The answer relates back to the recent downturn. “As an SUV manufacturer we were hit pretty hard. We were prepared, but not to the extent we needed. It really was a disaster. A lot of people still want big engines and big cars, but adding the C-Class will help us, it will give us a buffer.”
People from MBUSI are playing a role in developing the new model in Germany. “With the C-Class, we’re now involved in the very early stages of prototypes, looking at the product, materials; our people are side by side with people at Sindelfingen. I was just [in Germany] and we saw rapid prototyping of parts, and our people were being consulted by the development engineer - it was great!”
While there is such a clear and defined link back to headquarters, it is doubtful the MBUSI plant will ever act as a fully-independent entity. Nissan is currently in much the same situation, with model development still carried out in Japan, but as Brian Sullivan explains, that might change in the future. “Japan controls equipment and processes, while regional committees control operations, but we’re at a point where even that’s changing. Now, when we launch a new vehicle, we send a lot of the team to Japan to learn the architecture. Ten years from now, I wouldn’t be surprised if we’re doing all of that in the US. We have a technical center in Detroit, so we have the design know-how and experience. We have manufacturing and process engineering here, so we’re much more capable of doing the early development that we’ve ever been before.”
Does that mean in a decade we might see models developed from the ground up for the US market? “I think it’s very possible,” he replies. We have a good process and we can move parts to any plant, we have that flexibility. We’ll have standards that are maintained out of Japan, but I think that we’ll see more of the physical side of development done within the Americas.”
Three or four decades ago, it must have been a singularly lonely experience setting up a new manufacturing facility for a transplant carmaker in the United States. But as technology has progressed, particularly in terms of communications, plants have never had greater access to their headquarters and sister facilities, which allows - amongst other elements - leadership and technical expertise to be shared across the manufacturing network.
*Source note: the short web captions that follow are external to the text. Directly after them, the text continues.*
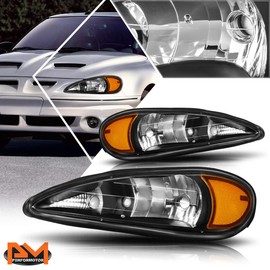 PM PERFORMOTOR Headlight Assembly Compatible with Pontiac Grand Am 99-05 | Headlamps with Black Housing Amber Corner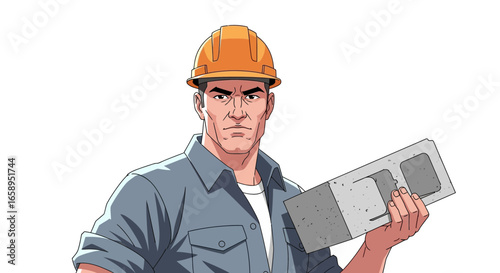 Cartoon Builder Holding Cinder Block with Determined Expression Isolated
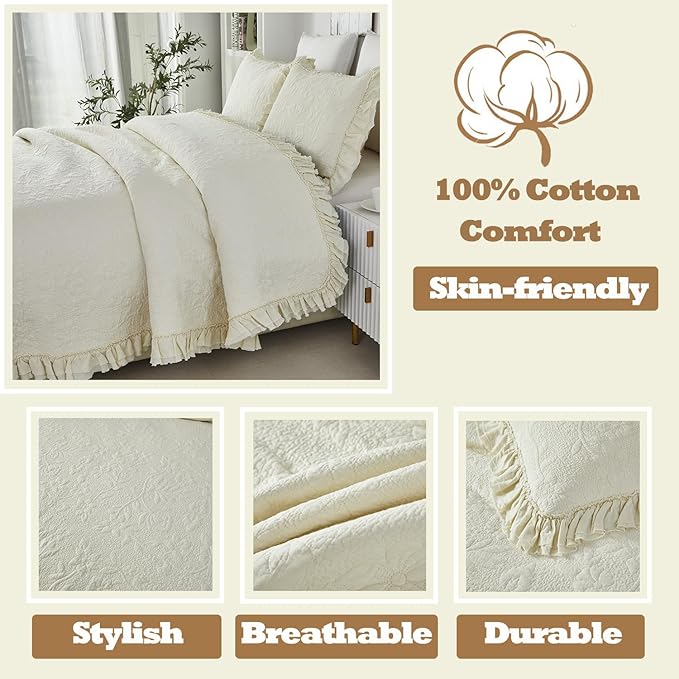 Brandream Cream Yellow White Quilt Set Queen Size Cotton Matelasse Bedding Luxury Ruffle Bedspread 3-Piece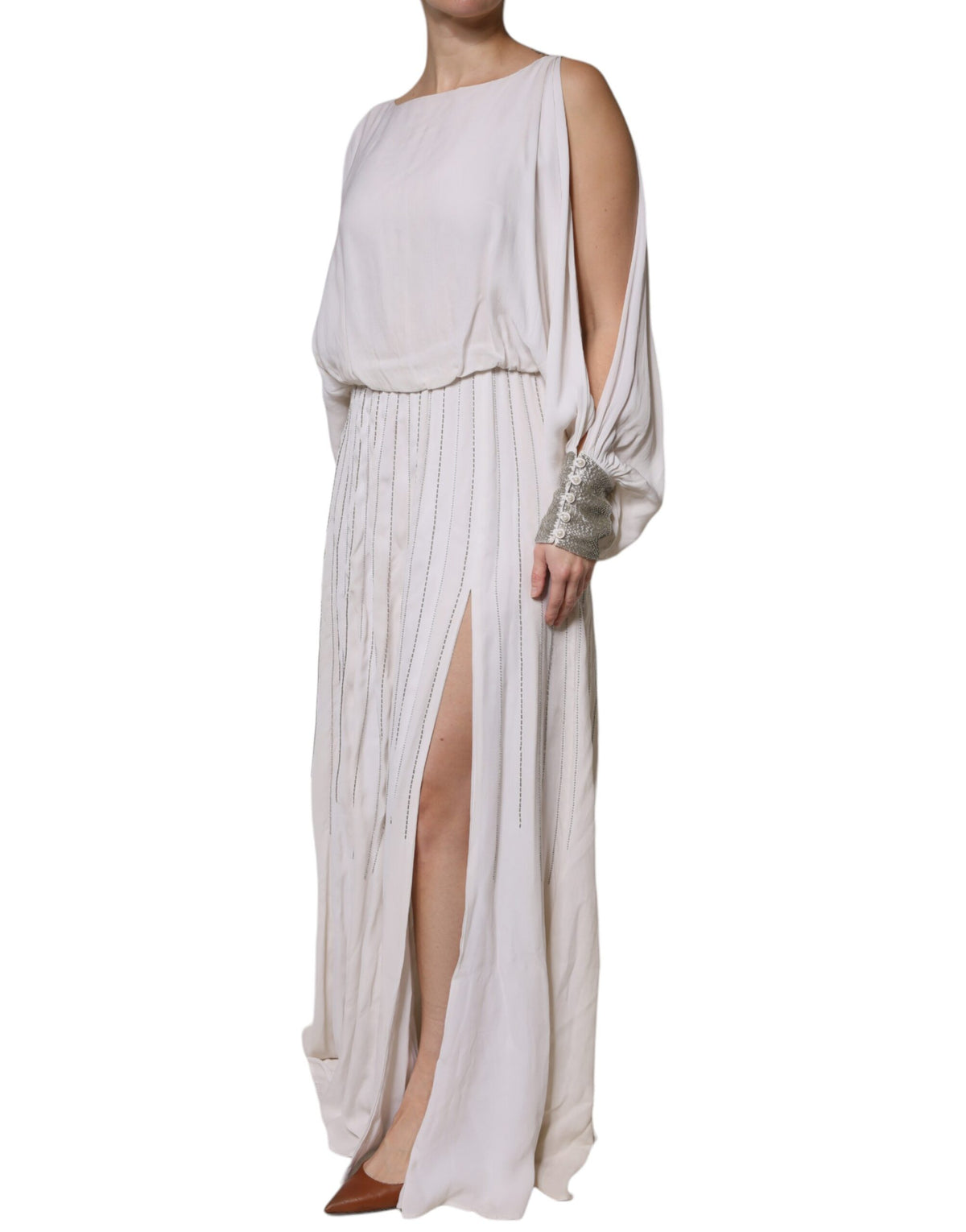 Christian Pellizzari Off White Embellished Long Maxi Women's Dress (Pre-Owned)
With products such as the Mercedes M-Class, Nissan Rogue (and Leaf EV) and the all-new Passat, these three carmakers are building the right vehicles in the right place, which while not guaranteeing success, makes achieving it that much easier. That said, this is no place to sit still, as a final comment from Markus Schaefer makes clear: “I would say that [building cars] will get more challenging over the next couple of years due to the technology. The processes and the cars themselves are changing so much, especially if you’re a premium manufacturer. I would say in the next couple of years, we will see tremendous changes in the way we build cars.”